Un grand vin, c’est bien, mais deux, c’est mieux ! : Château Margaux 1989.
Ce vin est tellement complexe qu’il est quasi-impossible à décrire : Mûre ? Truffe ? Rose ? Cuir ? Et même beaucoup plus. Il fait encore très jeune, ce qui laisse présager un vieillissement très lent.
En bouche les tanins sont tellement fins qu’il en devient charnel. A noter, la pointe mentholée en fin de bouche qui rafraîchit le palais.
Accord quasi-classique avec une épaule d’agneau du Limousin fondante aux aromates (cuite 23 heures à basse température), asperges vertes, gnocchis de potirons et caillé de brebis.

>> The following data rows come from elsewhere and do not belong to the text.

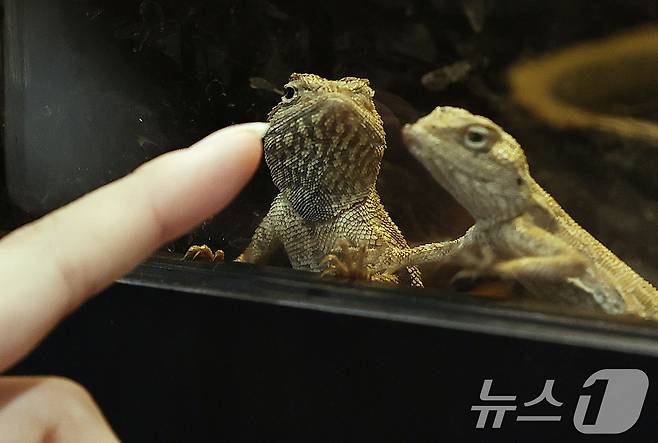 '파충류 박람회'에서 관람객이 도마뱀을 살펴보고 있다. 2026.5.10 ⓒ 뉴스1 구윤성 기자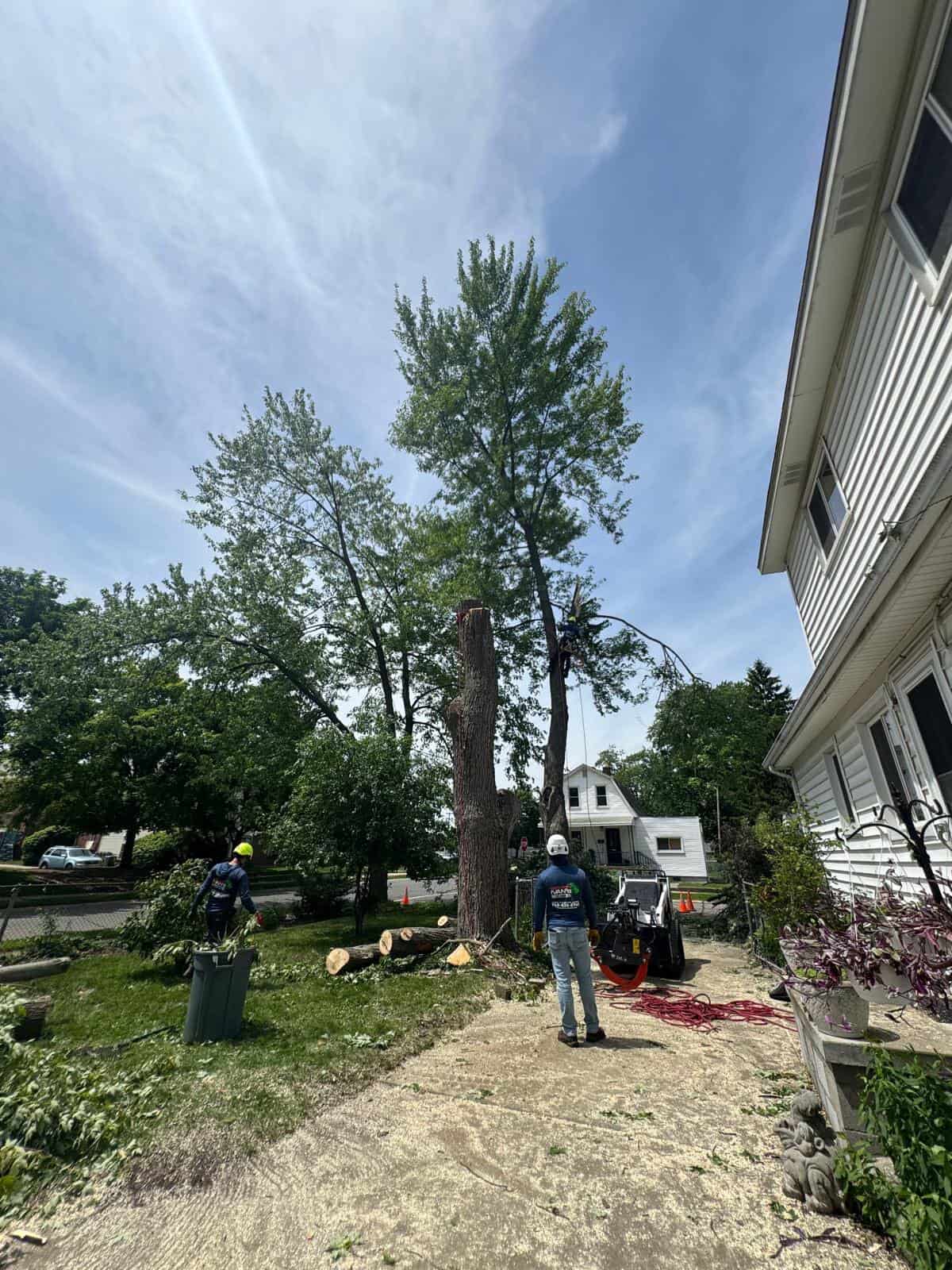 Two workers wearing helmets provide Tree Services Oakland, cutting a tall tree near a white house under blue sky.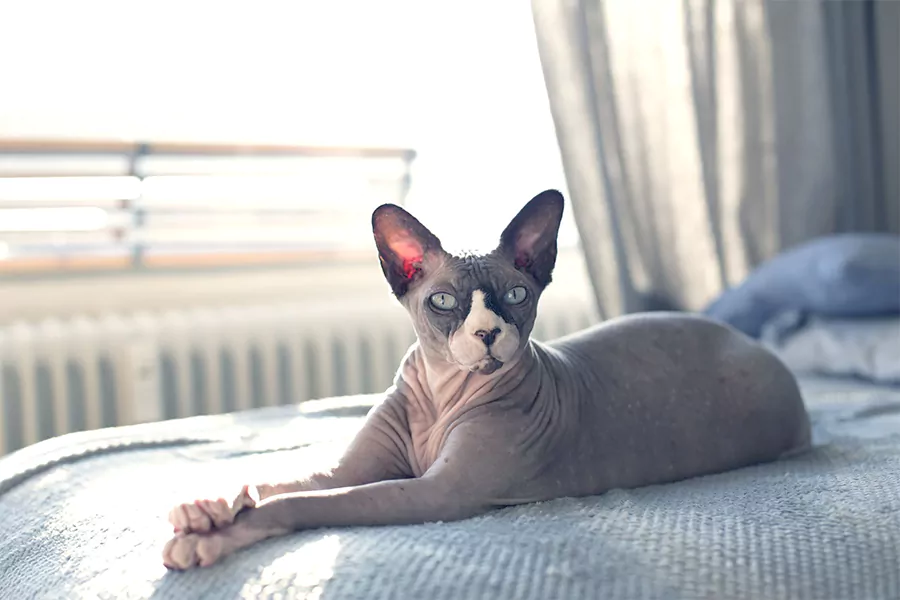 Sphynx Kittens kitten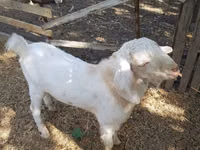 Ziegenbock, Nubian Goat — Foto 2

Après les accords caméléon, intellectuel et étonnant, nous terminons la partie salée de ce diner par un accord classique.
Le vin, c'est 85% d'eau…
Avant de passer au sucré, Erik Orsenna intervient pour nous parler de … l’eau ! Après deux ans de voyages, de compilations d’interviews, de chiffres et de documents scientifiques, Erik Orsenna nous dresse un bilan de la ressource « eau » sur notre bonne vieille Terre. Le livre s’appelle « l’avenir de l’eau ». Erik Orsenna est aussi passionnant à écouter qu’à lire. Mais ne soyez pas trop inquiet, chers lecteurs, le vin n’est point oublier dans le livre … ne voulant pas tuer le suspens, je vous laisse le découvrir par vous-même.
Nous terminons par la touche sucrée, un Vienetta praliné et café, tout en légèreté et en finesse qui sera accompagné, pour ma part, d’un thé Darjeeling.